## Work instruction
The records must be duplicated exactly, with every picture left out.

-- Source data follows --

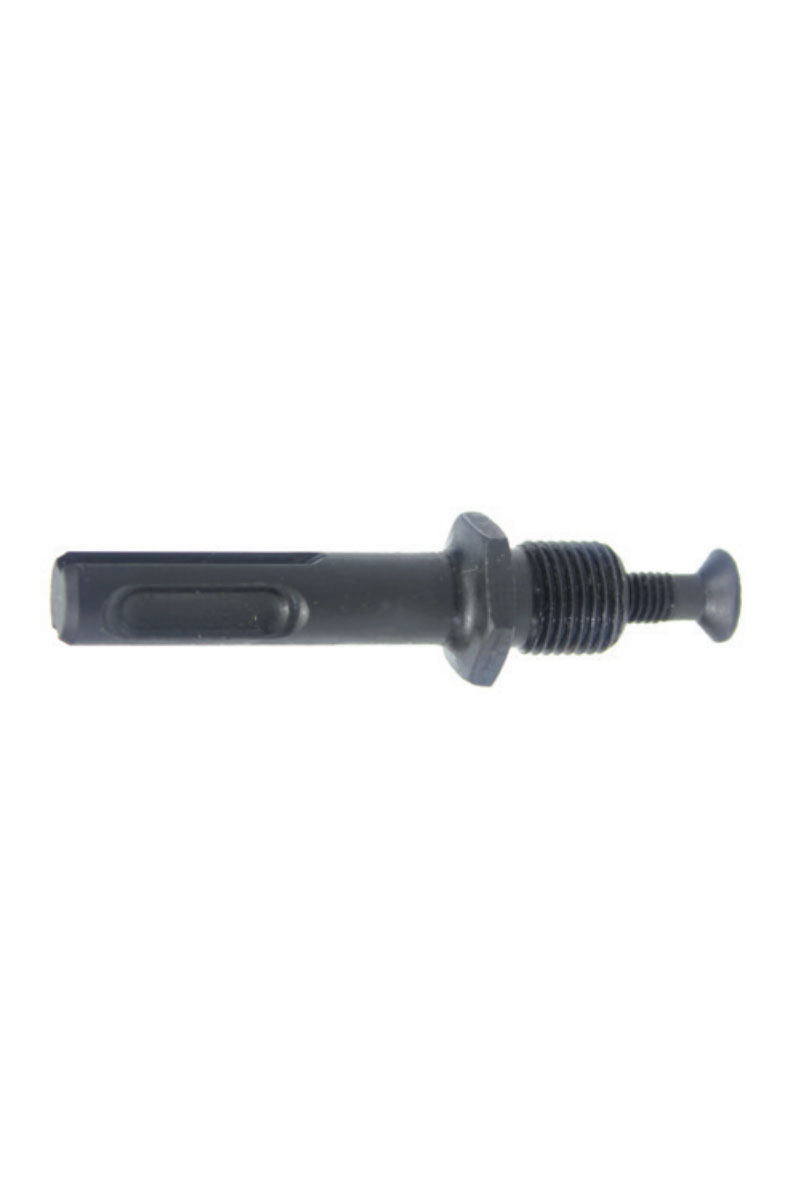  Makita D-14093 Sds Plus Mandren Adaptörü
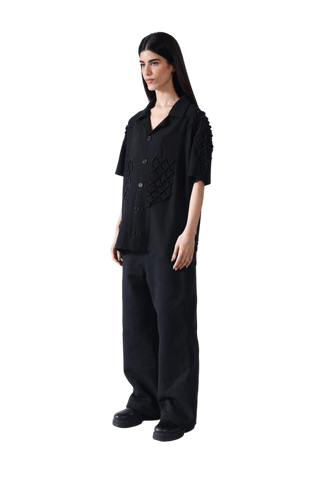 female-5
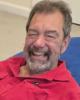 Norman is single in Hamilton, OH USA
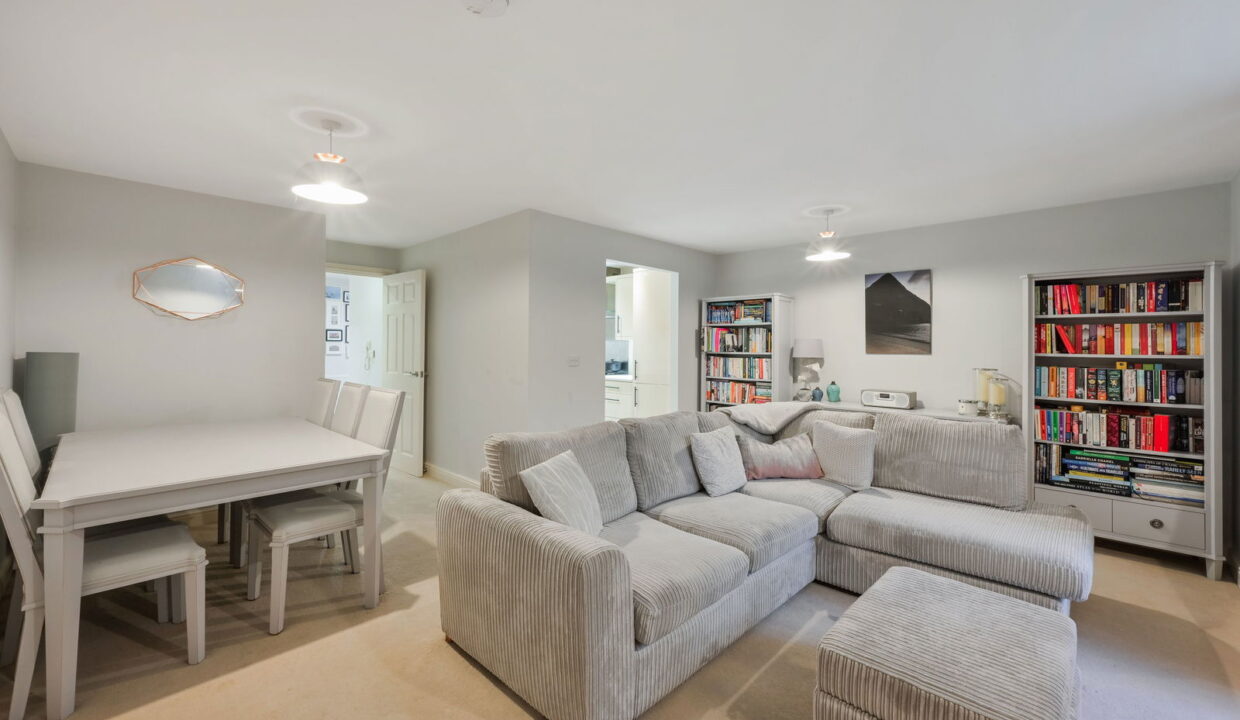 HARROW-HOUSE_-FLAT-2-_7__1768567452502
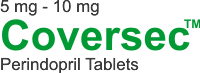 coversec taj product
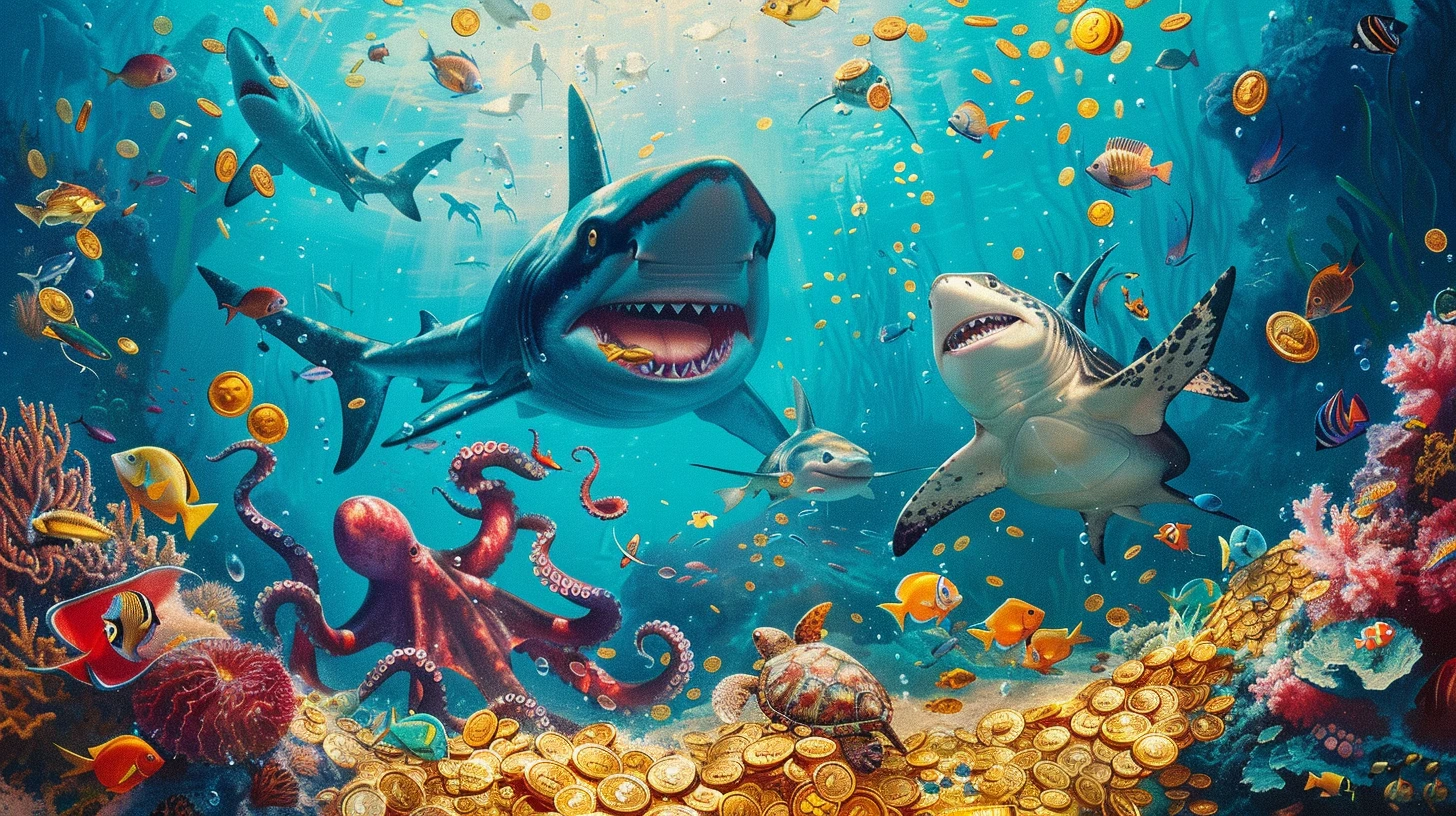 Khám Phá Thế Giới Game và Xổ Số: May88 Game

-- Source data concluded --

## Exercise solution
  Makita D-14093 Sds Plus Mandren Adaptörü
 female-5
 Norman is single in Hamilton, OH USA
 HARROW-HOUSE_-FLAT-2-_7__1768567452502
 coversec taj product
 Khám Phá Thế Giới Game và Xổ Số: May88 Game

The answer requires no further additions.